▸ **Directions for this task**: Restate, exactly as written, the entries below from the line that holds "Black glove cuff" through the line that holds "Strada Austrian Crystal". Pictures are not part of the copy.

▸ **Data excerpts**:
>>>
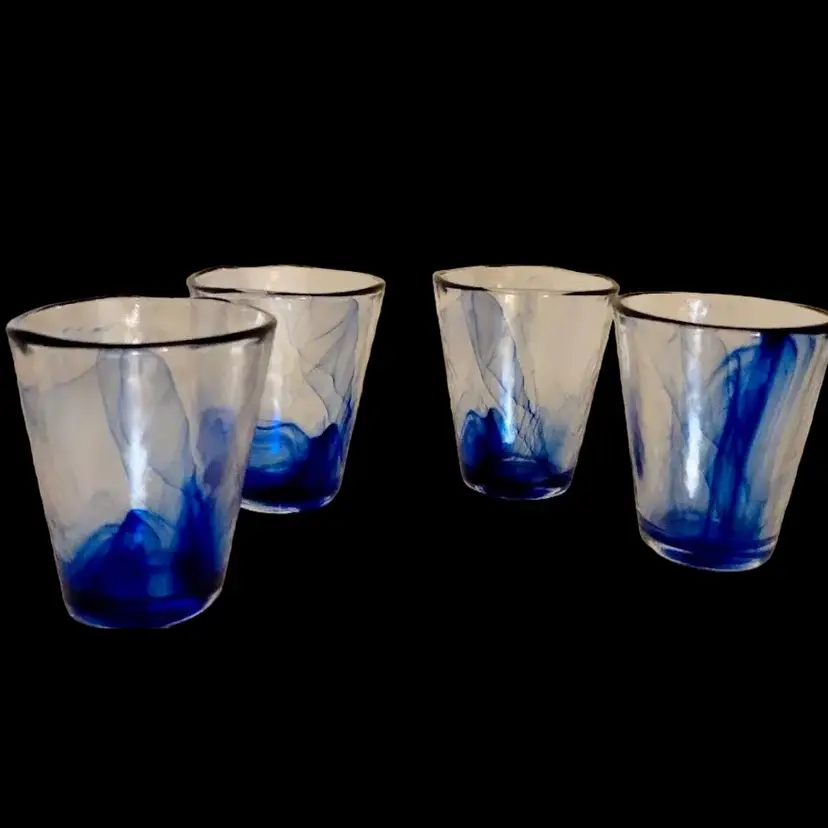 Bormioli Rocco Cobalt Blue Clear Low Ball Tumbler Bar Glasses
<<<
>>>
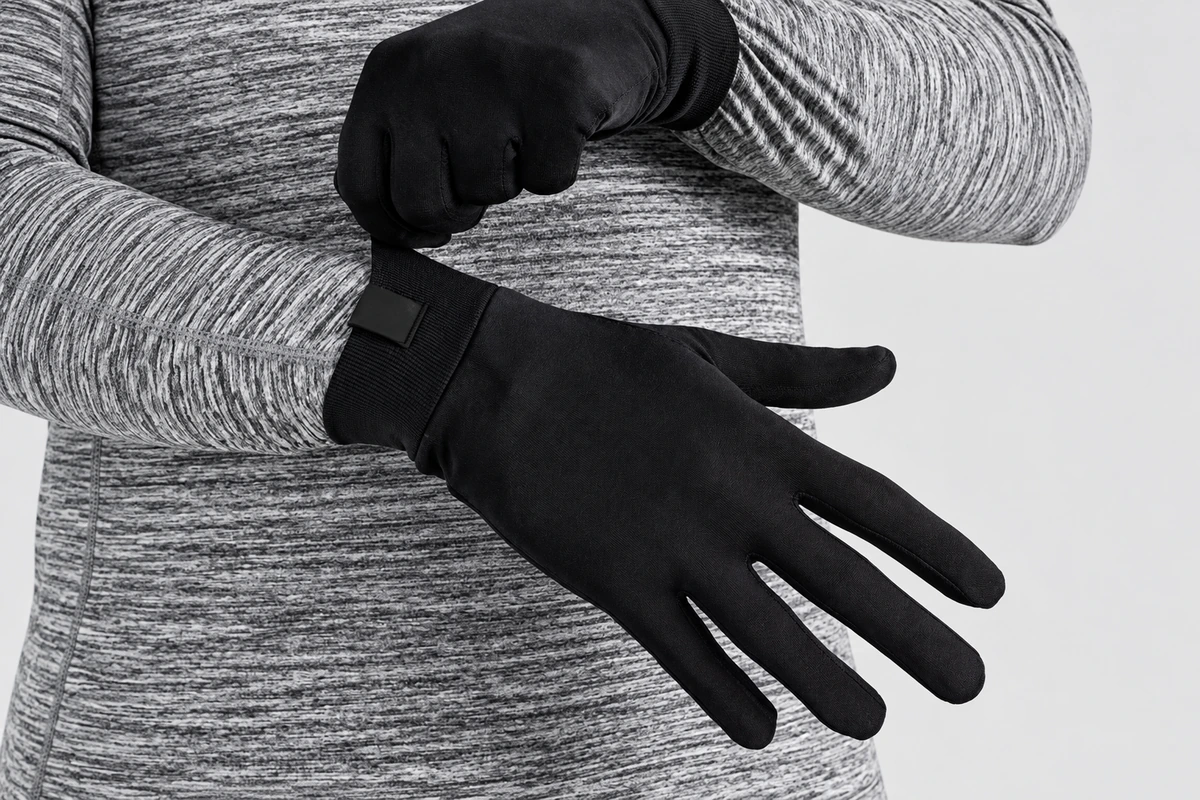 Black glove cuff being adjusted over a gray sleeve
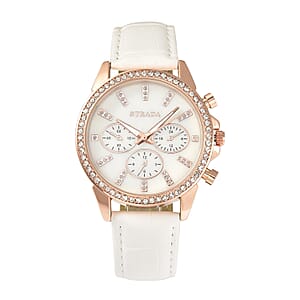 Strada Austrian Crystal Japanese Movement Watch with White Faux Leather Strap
<<<
▸ **Answer below**:
 Black glove cuff being adjusted over a gray sleeve
 Strada Austrian Crystal Japanese Movement Watch with White Faux Leather Strap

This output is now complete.